L’acqua è uno dei temi salienti della revisione delle pratiche dell’industria mineraria in modo più attento alla sostenibilità, una tendenza che da molti mesi ormai sta “contagiando” i gruppi della manifattura auto e delle batterie e a cui il settore estrattivo si sta adeguando, secondo istanze che sono quelle comuni a molti investitori attenti alla “bussola ESG” nell’approcciare il valore in economia.

I criteri ESG (environment, social, governance) emergono quindi continuamente a margine di nuovi accordi che vengono confermati sempre più spesso: questa settimana un buon esempio in proposito è quello dello scorso 11 aprile. Ford Motor Co. ha firmato un accordo di programma che prevede la fornitura annua di circa 25.000 tonnellate di litio provenienti dal Kachi Project, sviluppato dalla società australiana Lake Resources nella provincia argentina di Catamarca.

Questo partenariato è il secondo stretto in poche settimane da Lake Resources per il materiale che proverrà dal nuovo sito estrattivo sudamericano dopo quello firmato a marzo con la giapponese Hanwa. Entrambi i nuovi partner hanno sottolineato come il Kachi Project disponga dei requisiti collegati alle credenziali ESG richieste per programmi della catena della fornitura all’insegna della sostenibilità.

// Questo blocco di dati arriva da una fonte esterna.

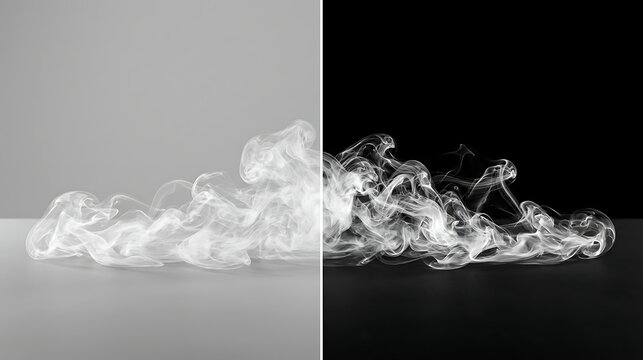 Split screen visual of white smoke plumes against neutral gray and black backgrounds with contrast swirling background abstract atmosphere particles movement ethereal backdrop creative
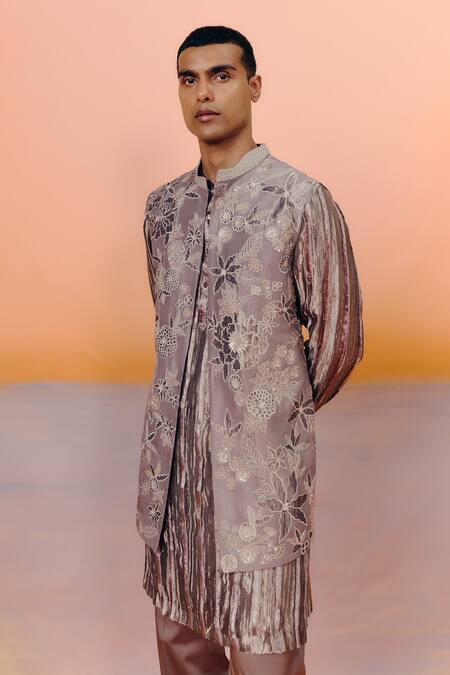Buy_Mishru_Rose Gold Tissue Embroidery Brown Emir Jacket Set _Online_at_Aza_Fashions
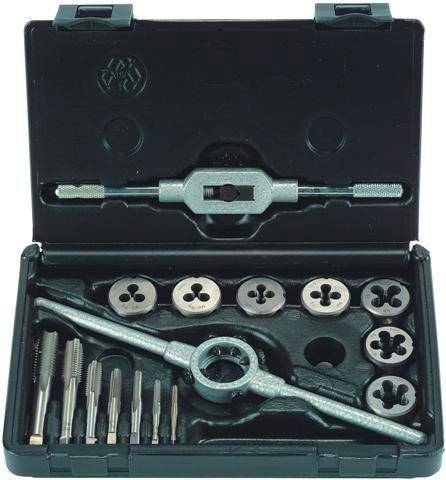 Alpen Tap & Die Set 16 Piece M3 M12 Hss With Die Holder & Tap Wrench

Lake Resources grazie ai finanziamenti di questo progetto, sta programmando di produrre 100.000 tonnellate di litio ad alta purezza entro il 2030. Il progetto argentino viene sviluppato grazie alla tecnologia di estrazione diretta di litio del partner industriale Lilac, società nella quale tra gli investitori figurano anche Bill Gates ed il gruppo BMW. Una cosa che colpisce del progetto è che gli stagni di evaporazione saranno molto ridotti in quantità rispetto agli standard cileni di gruppi come Albemarle e SQM, con proporzionale riduzione del consumo di acqua.

Quello che avviene nel settore delle materie prime indispensabili alla mobilità a zero emissioni, con il litio (ma anche il rame che è lo “scheletro” di ogni impianto elettrico) è la dimostrazione di quanto possano rivelarsi efficaci le credenziali ESG utilizzate come bussola nel decidere di finanziare o partecipare a un progetto, relativamente ad aspetti come il consumo responsabile riguardo a una risorsa come l’acqua.

Con chiaro in mente quanto possa fare la differenza l’uso assennato dell’acqua in un luogo come Atacama, ma anche in molti altri che sono fondamentali per completare in modo appropriato e non autolesionistico la transizione energetica, verrebbe da pensare che i riferimenti ESG nell’investire denaro privato e pubblico siano un’ovvietà. Non è così. Anzi.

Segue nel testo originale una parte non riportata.